### Activity
Return the opening lines of the material, word for word. End with the line that contains "Kyle Larson Signed".

### Dataset content
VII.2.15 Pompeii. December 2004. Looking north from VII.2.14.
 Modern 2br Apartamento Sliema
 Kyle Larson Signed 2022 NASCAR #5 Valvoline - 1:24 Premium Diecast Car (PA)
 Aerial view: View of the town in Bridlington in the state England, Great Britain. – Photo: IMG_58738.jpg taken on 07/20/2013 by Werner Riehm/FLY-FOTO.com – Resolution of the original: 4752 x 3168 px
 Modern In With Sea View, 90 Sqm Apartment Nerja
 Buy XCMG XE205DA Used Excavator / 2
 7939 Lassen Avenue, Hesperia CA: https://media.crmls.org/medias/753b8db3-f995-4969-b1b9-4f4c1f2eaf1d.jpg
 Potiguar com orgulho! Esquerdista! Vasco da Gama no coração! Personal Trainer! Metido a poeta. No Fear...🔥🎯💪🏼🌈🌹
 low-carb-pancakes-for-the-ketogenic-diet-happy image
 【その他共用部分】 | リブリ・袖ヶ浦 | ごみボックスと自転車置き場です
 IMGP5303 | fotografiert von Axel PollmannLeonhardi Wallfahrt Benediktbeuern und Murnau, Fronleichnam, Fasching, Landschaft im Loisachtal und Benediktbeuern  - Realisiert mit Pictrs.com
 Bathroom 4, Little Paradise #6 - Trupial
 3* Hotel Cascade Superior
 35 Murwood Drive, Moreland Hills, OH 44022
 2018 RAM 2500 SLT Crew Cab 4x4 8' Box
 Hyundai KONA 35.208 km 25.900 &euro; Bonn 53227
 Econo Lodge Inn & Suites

### Output below
VII.2.15 Pompeii. December 2004. Looking north from VII.2.14.
 Modern 2br Apartamento Sliema
 Kyle Larson Signed 2022 NASCAR #5 Valvoline - 1:24 Premium Diecast Car (PA)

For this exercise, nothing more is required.